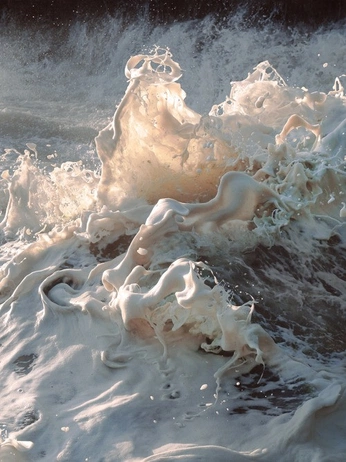 A cover of "splash 🜄" cluster. The owner is steftotino. The cluster description is "pure. deep. cleanse. flesh. fertile. fluid. refract. attain.". The cluster consists of 70 elements.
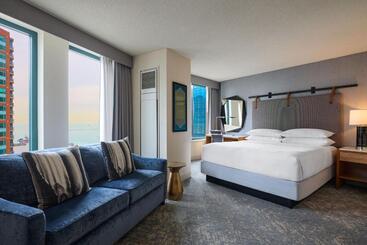 هتل Sheraton Grand Chicago Riverwalk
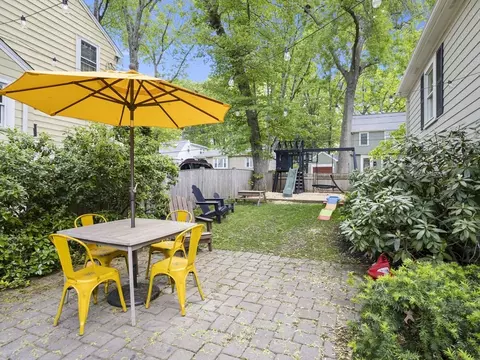 Exterior - 29 Payson Rd, Brookline, MA 02467 photo 2 of 10
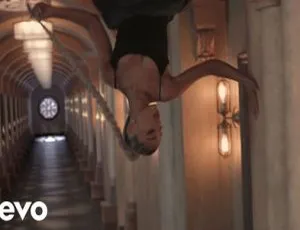 Ariana Grande《No Tears Left to Cry》1080P高清4.83GB 百度网盘资源-小文资源网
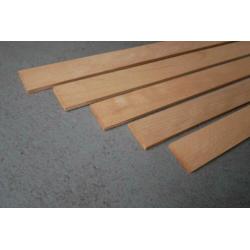 Partij (70x) Beuken Hardhouten Latten: 10 x 55 x +/- 2400 mm
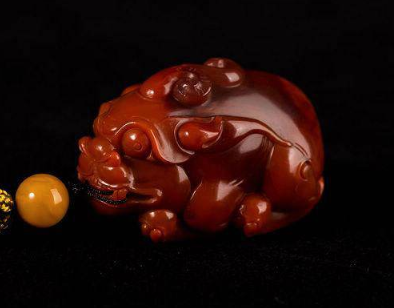 玛瑙怎么鉴别真假 如何鉴别染色玛瑙   第2张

● ● ● ●

» **Task**:
Give an exact copy of the entries, excluding all pictures.

» **Answer box**:
 A cover of "splash 🜄" cluster. The owner is steftotino. The cluster description is "pure. deep. cleanse. flesh. fertile. fluid. refract. attain.". The cluster consists of 70 elements.
 هتل Sheraton Grand Chicago Riverwalk
 Exterior - 29 Payson Rd, Brookline, MA 02467 photo 2 of 10
 Ariana Grande《No Tears Left to Cry》1080P高清4.83GB 百度网盘资源-小文资源网
 Partij (70x) Beuken Hardhouten Latten: 10 x 55 x +/- 2400 mm
 玛瑙怎么鉴别真假 如何鉴别染色玛瑙   第2张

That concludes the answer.